*Entries supplied*
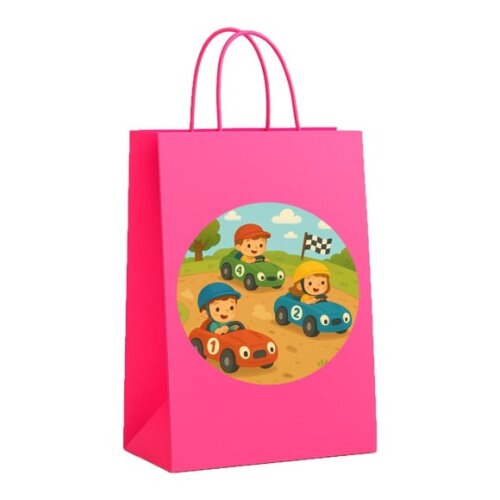 Sacola de Papel Personalizada Infantil Kart Infantil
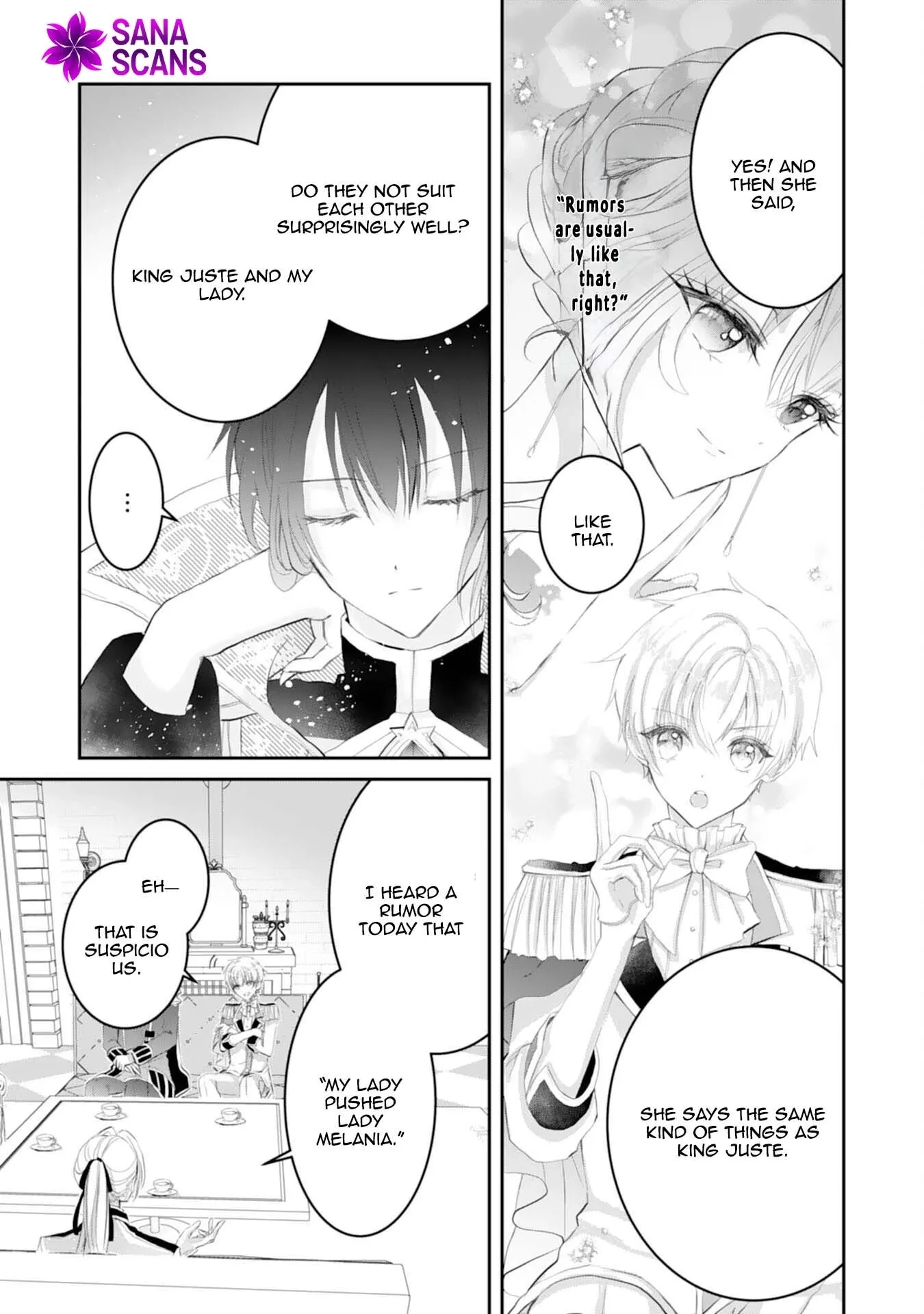 Kon'yaku haki sa reta koushaku reijou wa reitetsu kokuou no dekiai o shinjinai Chapter 3 page 28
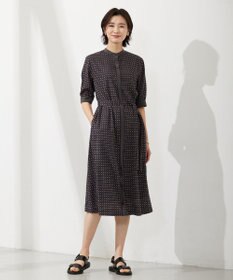 J.PRESS LADIES 【洗える】 ジオメトリック ワンピース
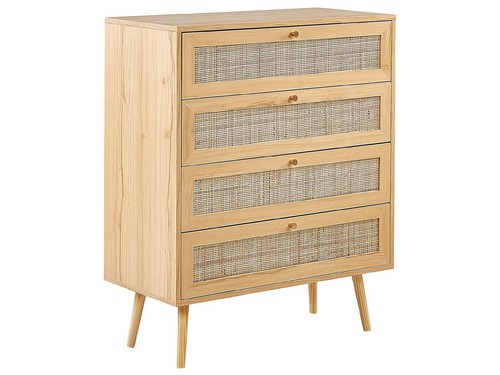 Commode tiroirs en rotin - commode,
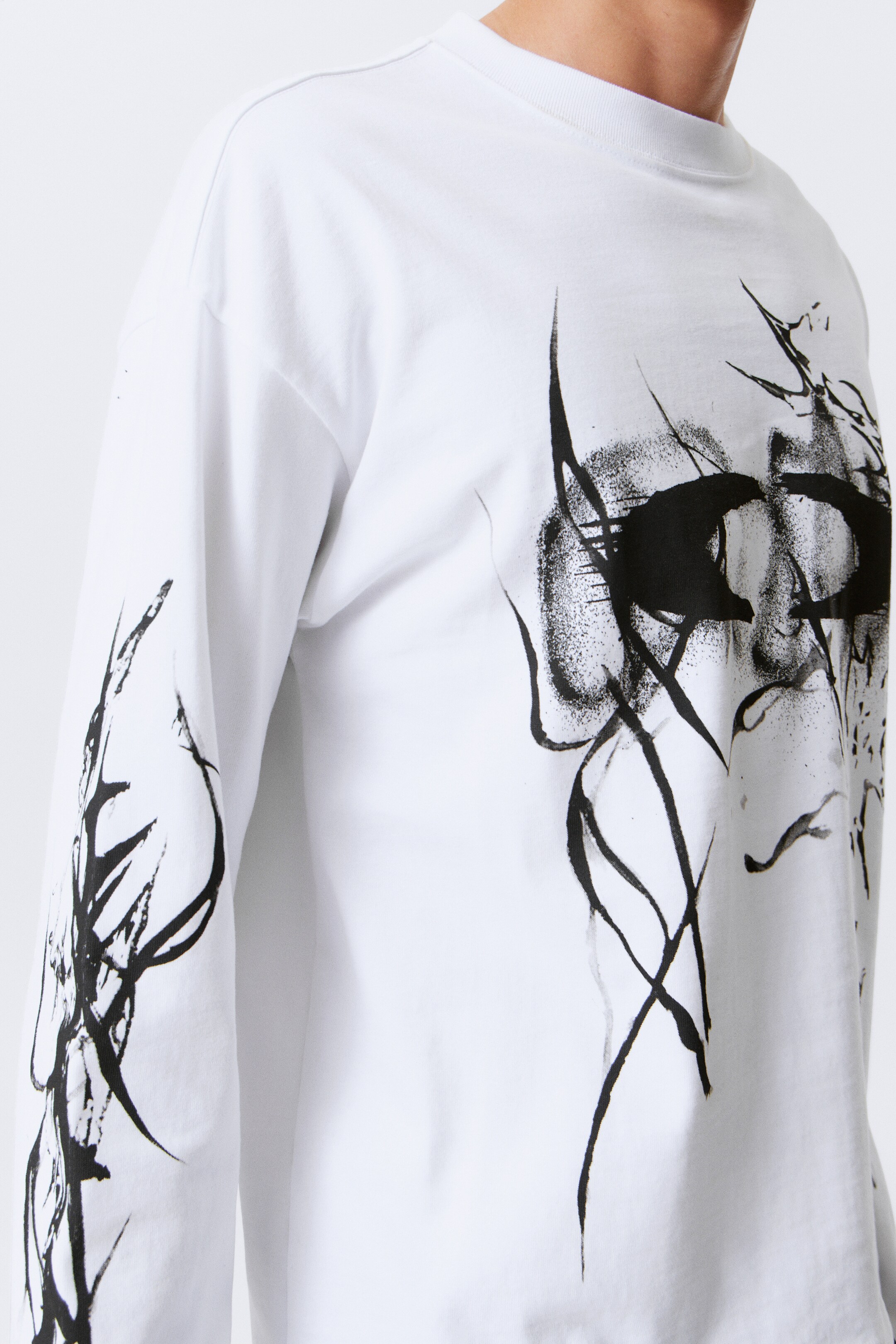 Visualizza immagine più grande: T-shirt Great boxy a maniche lunghe con grafica - Bianco - Big Mess - UOMO | H&M IT 3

*Prompt*
Leaving out only the pictures, return the material above unchanged.

*Exercise solution*
 Sacola de Papel Personalizada Infantil Kart Infantil
 Kon'yaku haki sa reta koushaku reijou wa reitetsu kokuou no dekiai o shinjinai Chapter 3 page 28
 J.PRESS LADIES 【洗える】 ジオメトリック ワンピース
 Commode tiroirs en rotin - commode,
 Visualizza immagine più grande: T-shirt Great boxy a maniche lunghe con grafica - Bianco - Big Mess - UOMO | H&M IT 3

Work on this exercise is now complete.